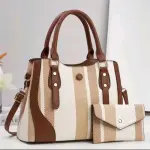 Stylish colorblock large capacity women's handbag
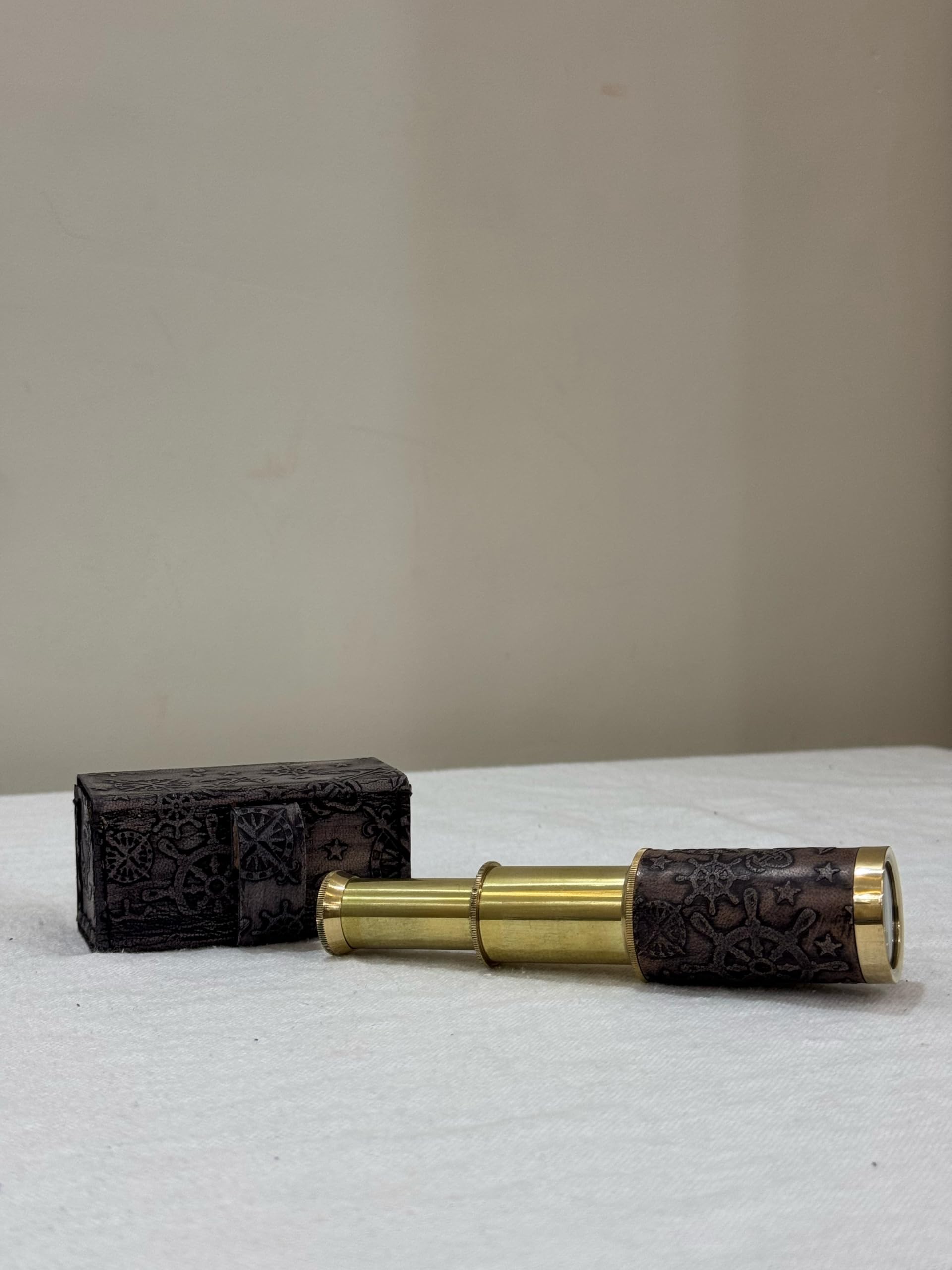 Vintage Style Brass Telescope, 17.8 cm Extended Length, 8.9 cm Folded, with Decorative Leather Case-picture-18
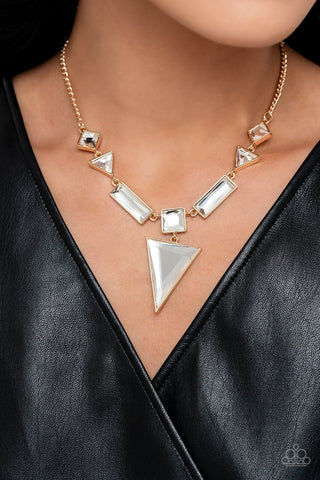 Fetchingly Fierce - Gold - Geometric White Gem Paparazzi Short Necklace - July 2023 Life of the Party Exclusive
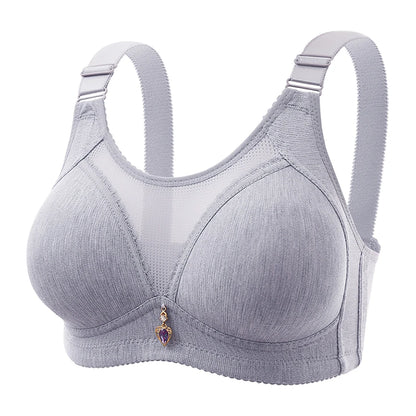 Comfortable Non-Slip Push-Up Sports Bra for Women – Seamless Wire-Free Lingerie with Wide Shoulder Straps & Chest Pad (Sizes 36–100BC)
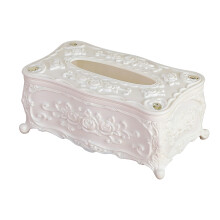 Embossed Designs Plastic Tissue Box with Plastic for Home-White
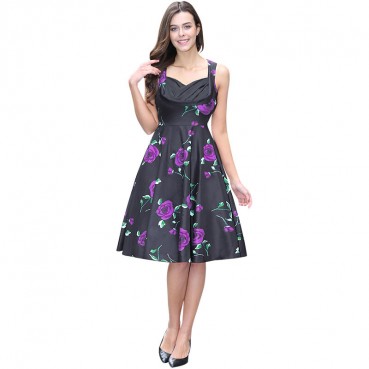 Summer European and American Hepburn style rose print v-neck wrap chest sleeveless pleated skirt dress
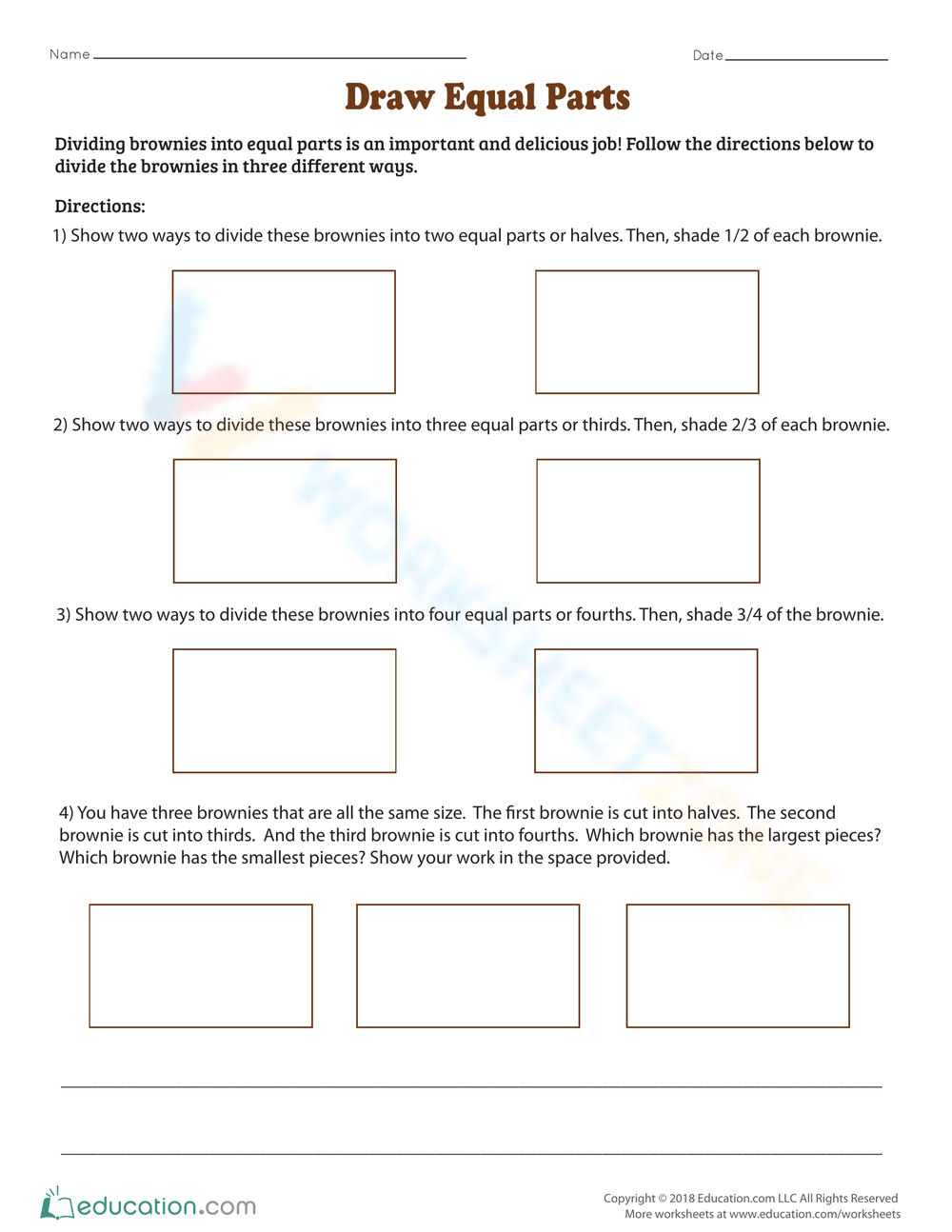 Draw Equal Parts Worksheet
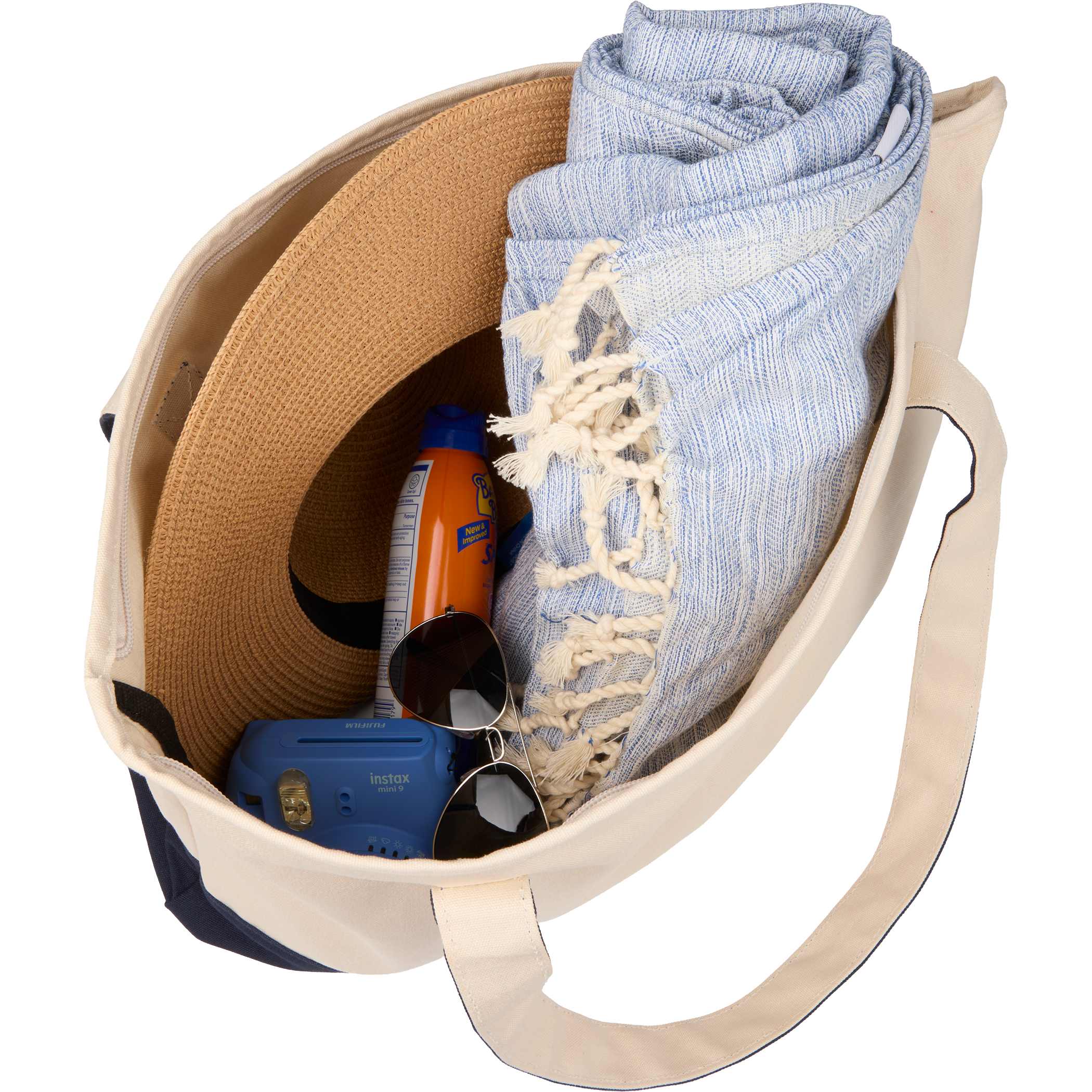 Picture of Color Accent Zippered Cotton Tote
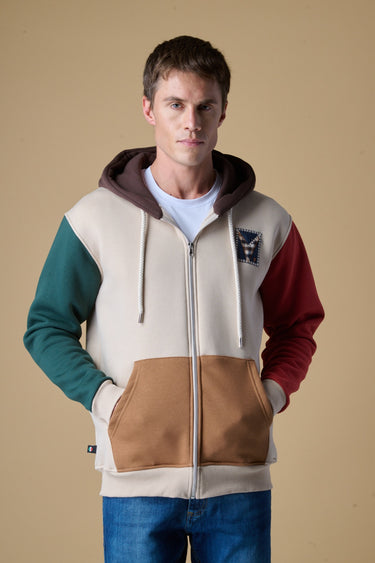 Felpa con Cappuccio e Zip 4 Color Block Sabbia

- - -

Required action: Line by line and exactly, write out the material above. Skip the pictures.

Reply:
 Stylish colorblock large capacity women's handbag
 Vintage Style Brass Telescope, 17.8 cm Extended Length, 8.9 cm Folded, with Decorative Leather Case-picture-18
 Fetchingly Fierce - Gold - Geometric White Gem Paparazzi Short Necklace - July 2023 Life of the Party Exclusive
 Comfortable Non-Slip Push-Up Sports Bra for Women – Seamless Wire-Free Lingerie with Wide Shoulder Straps & Chest Pad (Sizes 36–100BC)
 Embossed Designs Plastic Tissue Box with Plastic for Home-White
 Summer European and American Hepburn style rose print v-neck wrap chest sleeveless pleated skirt dress
 Draw Equal Parts Worksheet
 Picture of Color Accent Zippered Cotton Tote
 Felpa con Cappuccio e Zip 4 Color Block Sabbia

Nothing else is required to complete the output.